I write this because these two meals I'm a part of today, that are bookending my day, seem like unreconcilable and uterly paradoxical events. I really, honestly, don't know what to think about it. Part of me wants to yell at AEI and Wheaton. Part of me wants to yell at our guests and LSC. I have no idea what I would say to any of them or why I would say it, other than the fact that this paradox of meals is frustrating.

More thoughts will come later, but this is the context that they will come out of...

Peace,

7 comments:

Joel said...

Thanks.

Hannah said...

You guys need to come to Philly sometime. I want you to visit our church. And the school where I work. And some of the other schools that have come out of our church. And come to our growth cell. Then I want to have conversations with you about these things. Then, you and Josh and Mike and Jason can either all work at our church (or plant another one), and Emily and Abby and Robin and I can form a sweet group of non-traditional pastors' wives, and we could rock the socks off of urban ministry. And we'd have to get a few other key people out here, too. Like Peju. And others. Just a thought. But seriously, come. Tack it on to a BH reunion, but come.

Ariah said...

Keep struggling. And never settle.

Eric said...

More like 86 people.

And they were all people of color, but yes, most of that color was some shade of pink.

Robin said...

Devin...wow. That is quite a day of contrast. I don't have any idea how you can even begin to reconcile that. Sorry.

Hannah, if by "Philly" you mean South Jersey, and by "urban ministry" you mean rural ministry, then yes. I am so in. :o)

Eric, you make me smile.

Devin said...

Yes, a crazy day of contrast that will take a while to work through. Most likely we'll have a post tomorrow.

Hannah, just to let you know, we'll be in Chicago until we're in DRC. However, between now and then I think it would be awesome to hang out, play games and hang out with Shane Claibourn.

Word

Bruce Kratky said...

Sometimes the bookend experiences in our lives are the most instructive. For me you hit the nail on the head when you indicated you not only wanted to yell at the AEI people, but also your guests. In between the bookends lies the truth.
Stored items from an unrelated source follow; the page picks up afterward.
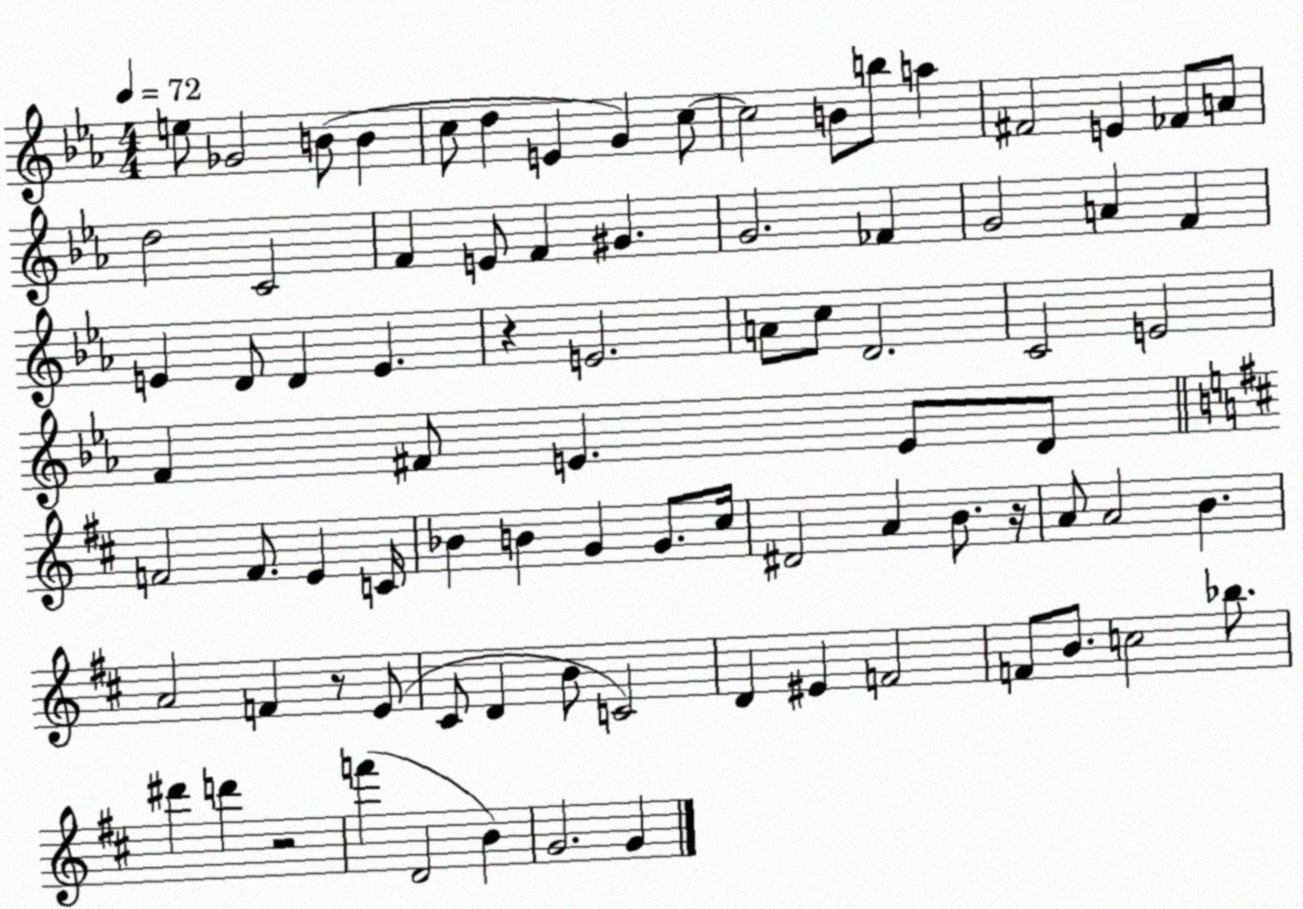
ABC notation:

X:1
T:Untitled
M:4/4
L:1/4
K:Eb
e/2 _G2 B/2 B c/2 d E G c/2 c2 B/2 b/2 a ^F2 E _F/2 A/2 d2 C2 F E/2 F ^G G2 _F G2 A F E D/2 D E z E2 A/2 c/2 D2 C2 E2 F ^F/2 E E/2 D/2 F2 F/2 E C/4 _B B G G/2 ^c/4 ^D2 A B/2 z/4 A/2 A2 B A2 F z/2 E/2 ^C/2 D B/2 C2 D ^E F2 F/2 B/2 c2 _b/2 ^d' d' z2 f' D2 B G2 G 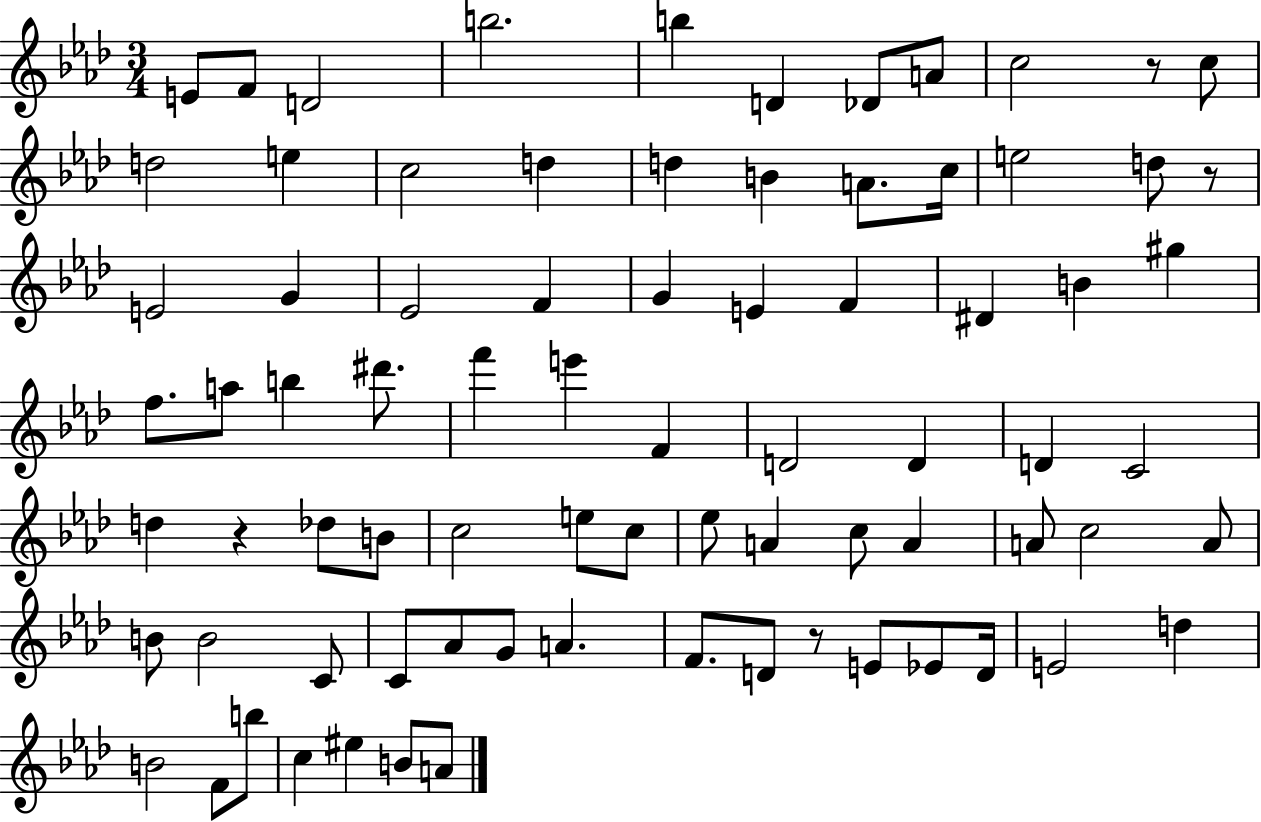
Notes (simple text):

E4/e F4/e D4/h B5/h. B5/q D4/q Db4/e A4/e C5/h R/e C5/e D5/h E5/q C5/h D5/q D5/q B4/q A4/e. C5/s E5/h D5/e R/e E4/h G4/q Eb4/h F4/q G4/q E4/q F4/q D#4/q B4/q G#5/q F5/e. A5/e B5/q D#6/e. F6/q E6/q F4/q D4/h D4/q D4/q C4/h D5/q R/q Db5/e B4/e C5/h E5/e C5/e Eb5/e A4/q C5/e A4/q A4/e C5/h A4/e B4/e B4/h C4/e C4/e Ab4/e G4/e A4/q. F4/e. D4/e R/e E4/e Eb4/e D4/s E4/h D5/q B4/h F4/e B5/e C5/q EIS5/q B4/e A4/e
Some of the truth will not be absolute, but relative.

It often seems that the most insensitive people in life are the rich capitalists, who, having much, have the time and the resources to make big differences in the lives of the poor and do not. It becomes easy to see capitalism as the force creating that insensitivity. Yet, the poorest people, the people who suffer the most in this world, live under communistic/socialistic/highly controlled economic systems. Warren Buffet and Bill Gates have committed to each other to not die rich but use their vast wealth to benefit the needy throughout the world. They are capitalists to the core.

Some of your guests are fat. They live in a capitalistic economy. You know first hand the contribution some of your guests make to their own misery. You see the opportunities freely given them squandered and the entitlement mentality that some have. Not all. Some. Perhaps many. Race indeed contributes as institutional racism does destroy lives. No question about that. The rich can not sit in judgement just because they have an economic system that can fatten poor people. They must not salve their collective insensitivity just by throwing large scraps of food on the floor. They must work to bring people to the table for the main course.
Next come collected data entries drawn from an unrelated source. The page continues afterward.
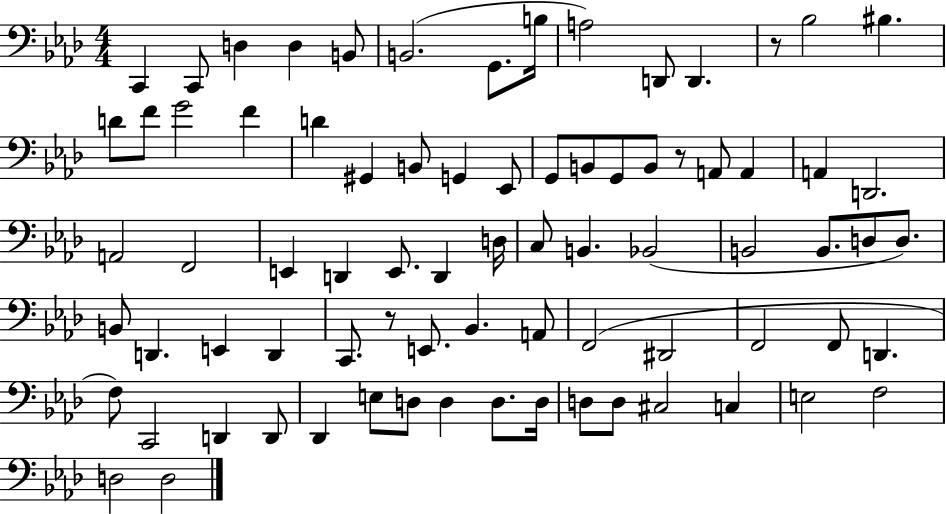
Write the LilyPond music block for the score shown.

{
  \clef bass
  \numericTimeSignature
  \time 4/4
  \key aes \major
  \repeat volta 2 { c,4 c,8 d4 d4 b,8 | b,2.( g,8. b16 | a2) d,8 d,4. | r8 bes2 bis4. | \break d'8 f'8 g'2 f'4 | d'4 gis,4 b,8 g,4 ees,8 | g,8 b,8 g,8 b,8 r8 a,8 a,4 | a,4 d,2. | \break a,2 f,2 | e,4 d,4 e,8. d,4 d16 | c8 b,4. bes,2( | b,2 b,8. d8 d8.) | \break b,8 d,4. e,4 d,4 | c,8. r8 e,8. bes,4. a,8 | f,2( dis,2 | f,2 f,8 d,4. | \break f8) c,2 d,4 d,8 | des,4 e8 d8 d4 d8. d16 | d8 d8 cis2 c4 | e2 f2 | \break d2 d2 | } \bar "|."
}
Yelling just makes lots of sense. I will pray that you see in this what the Lord would want you to see. I will pray that He directs your steps as you move forward in life and ministry. I will pray for clarity for you and Emily, that you will hear God's calling together.

Hannah's comment was moving to the extreme for me. Perhaps there is something out there that the Lord wants you and your Christ following friends to build that is "church and ministry done a new and exciting way." If the Lord is in it this ministry will not denigrate those that came and tried before. It will build on the sacrificial lives already spent in service to Christ.

I loved being with you this last week. Thank you for letting me serve at Breaking Bread. The picture of you and Emily with her new family thrilled my heart.